# dual Remote control



## robut (Aug 22, 2007)

I'm wondering if there is an easier way to use my remote control for the coverter box and the Tv.
When I bought my new tv ( Samsung ) I programed the Samsung code into my comcast converter box remote control so that I could use one control.
The converter is located under the TV on a lower shelf with my S/S system receiver(( But )) the problem is when I aim the remote at the converter it might turn off only one unit and not the other or visa / versa sometimes both. So i'm defeating my purpuse of one controler I have to go up to the unit and stick the remote in it's nose and click it off.

I tried pluging the tv into the aux power outlet in back of the converter box but nothing doing here. I'm about eight nine from both units
Has anyone else had this same problem and solved it?
Deck Hand :jester:


----------



## Greg C (Jan 18, 2009)

There is no point in turning off a cable box,as all it does is cut the AV outputs. You do not save any power at all.


----------



## robut (Aug 22, 2007)

*remote control*

Hi Greg.
I'm not trying to save power !
I just want one controler to turn off the Tv and the converter at one push of a button. This happens ok once in a while, if I hit the exact frame of space. when I point the remote at both units at the same time. 
I guess the other only way is to use a power strip bar.
Of course the tv remote won't control the converter box this is the main remote control. using a strip bar will cancel the updated information on the converter box so the strip bar idea is usless.

Deck hand :whistling2:


----------



## MT Stringer (Oct 19, 2008)

I had a similar problem. Just couldn't turn on or off everything I wanted to do.
Samsung LCD TV
Yamaha RX-V663
Cable box (SA 4250HD)
Older DVD/VCR player

So, I bought a Harmony One universal remote and all of the other remotes have had their batteries stripped and stored in a drawer for emergencies. 

Harmony has a huge database of codes for just about all of your equipment. Install the software, plug in your new remote and the setup program will guide you through the setup by asking questions like model number, make, whatissit, etc.
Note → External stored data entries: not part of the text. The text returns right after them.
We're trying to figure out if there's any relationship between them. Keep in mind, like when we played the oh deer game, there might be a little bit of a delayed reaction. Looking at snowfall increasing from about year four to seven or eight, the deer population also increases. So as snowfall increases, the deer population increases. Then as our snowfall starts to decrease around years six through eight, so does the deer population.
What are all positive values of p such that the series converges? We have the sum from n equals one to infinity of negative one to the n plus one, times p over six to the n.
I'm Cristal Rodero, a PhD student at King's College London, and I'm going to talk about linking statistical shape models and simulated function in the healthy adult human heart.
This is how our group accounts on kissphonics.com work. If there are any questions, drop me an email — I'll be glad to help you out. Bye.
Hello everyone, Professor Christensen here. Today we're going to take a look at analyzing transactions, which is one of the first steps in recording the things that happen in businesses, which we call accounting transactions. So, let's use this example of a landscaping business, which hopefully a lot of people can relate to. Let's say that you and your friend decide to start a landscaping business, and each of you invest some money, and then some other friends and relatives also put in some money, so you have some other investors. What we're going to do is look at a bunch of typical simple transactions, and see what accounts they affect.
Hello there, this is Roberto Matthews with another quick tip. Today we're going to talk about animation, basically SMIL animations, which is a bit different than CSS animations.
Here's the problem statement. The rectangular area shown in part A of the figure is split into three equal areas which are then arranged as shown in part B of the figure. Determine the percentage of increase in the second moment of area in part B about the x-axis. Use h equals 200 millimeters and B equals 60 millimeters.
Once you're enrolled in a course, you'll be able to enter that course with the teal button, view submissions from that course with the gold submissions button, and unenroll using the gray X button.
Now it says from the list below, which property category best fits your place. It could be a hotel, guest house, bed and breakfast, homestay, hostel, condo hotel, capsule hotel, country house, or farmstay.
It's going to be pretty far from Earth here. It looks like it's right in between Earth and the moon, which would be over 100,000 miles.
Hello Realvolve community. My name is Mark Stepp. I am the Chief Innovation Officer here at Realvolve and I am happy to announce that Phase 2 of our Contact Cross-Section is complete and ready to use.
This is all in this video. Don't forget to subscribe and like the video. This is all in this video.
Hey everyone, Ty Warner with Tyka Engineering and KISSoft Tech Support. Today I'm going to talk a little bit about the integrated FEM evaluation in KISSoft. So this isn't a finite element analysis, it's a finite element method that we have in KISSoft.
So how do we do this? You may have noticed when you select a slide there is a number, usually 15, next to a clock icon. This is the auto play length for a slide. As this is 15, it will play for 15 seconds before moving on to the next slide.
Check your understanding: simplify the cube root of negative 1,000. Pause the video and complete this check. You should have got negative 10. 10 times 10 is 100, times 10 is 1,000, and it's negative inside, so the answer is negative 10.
Then you create "Activities" such as "Watch TV" or "Play a movie" or "Listen to the radio", etc.
I was able to program the hard buttons (1-9) on the remote to my first few preset radio stations when I have it in "Listen to the radio" activity.

Once programming is complete, you simply press the activity on the LCD screen and the remote will start up the equipment needed for the activity.

So far, I'm really pleased with the remote.
Good luck.
Hope this helps.
Mike


----------



## Greg C (Jan 18, 2009)

Why do want to turn off the cable box? There is no advantaqge to doing this. As far as using 1 remote to control power, the problem with using a remote like a Harmony is that it realy does not know the status of the equipment. If someone blocks the IR during the macro command, you will be out of sync, and the remote cannot fix this. We do more sophisticated remotes to be able to know either the state of the gear, or we use equipment that has what is known as discrete codes. Instead of only a power code that just switches between on and off, the gear has a seperate on code and an off code. Most cable boxes do not have this capability as the software required for it is not specked by the cable companies.


----------



## robut (Aug 22, 2007)

*Remote Controls*

I guess I can do this this way
Next to my TV chair will sit the Samsung TV remote this I will use 
just turn on the TV . After this move, I will use my cable box Remote only!
When i'm done for the night, just turn off the TV only.
I know I can let the cable box stay on all night .
Deck hand :thumbup:


----------